Different exposure durations and assessment timing. Candidate interventions range from short intensive programmes (a few weeks of reading catch-up summer camps) to year-long or multi-year engagements; the delay between the end of treatment and the outcome assessment also varies. We do not adjust the reference effect for programme duration or assessment timing. An intervention that ran for one month and one that ran for twelve months are both compared on the learning difference they produced at endline, because that difference is what our identification strategy will use.

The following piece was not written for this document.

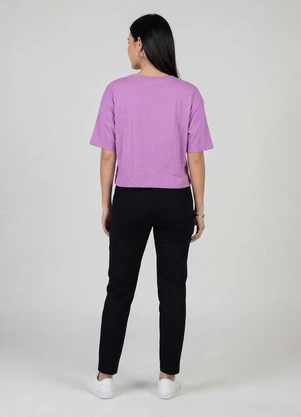 Infinita Cor - Blusa Feminina com Estampa Localizada Roxo - INFINITA COR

Duration does matter for interpretation and prioritisation, because short programmes with measures soon after completion tend to produce larger per-unit-time effect sizes, and we may want to treat unusually large effects from brief exposures with additional scrutiny. We will account for duration in the prioritisation of studies for tracking, though not formally in the screening and candidate identification reported here.

Different grades and sub-populations targeted. There is evidence, primarily from the United States, that effect sizes tend to be larger in lower grades (Bloom et al. 2008) and where interventions target selected sub-populations rather than the full student body (Kraft 2020). We note them here as context for interpreting cross-study variation in the reference effect, though we do not condition on them in the screening.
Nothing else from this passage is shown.